DATASET CONTENT -

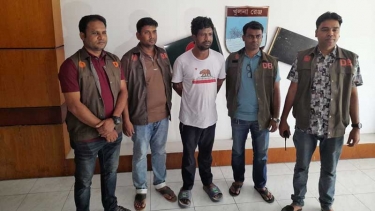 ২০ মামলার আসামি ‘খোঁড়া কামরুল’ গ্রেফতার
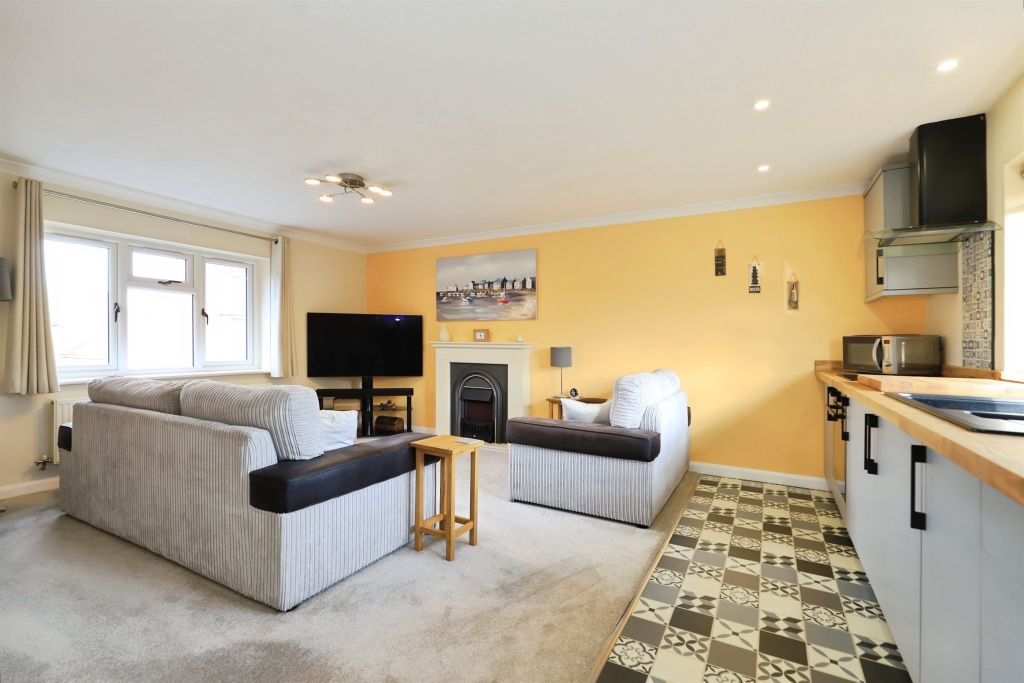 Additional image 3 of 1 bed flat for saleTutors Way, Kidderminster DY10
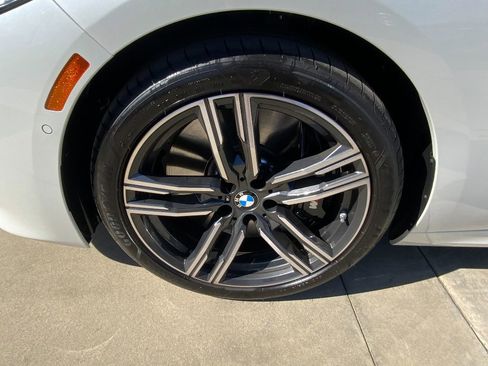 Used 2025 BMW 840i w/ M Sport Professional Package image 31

WHAT THE EXERCISE ASKS - Up to and including the last line of the listing, starting at the line with "Additional image 3", extract every line exactly and leave out the pictures.

EXERCISE SOLUTION -
 Additional image 3 of 1 bed flat for saleTutors Way, Kidderminster DY10
 Used 2025 BMW 840i w/ M Sport Professional Package image 31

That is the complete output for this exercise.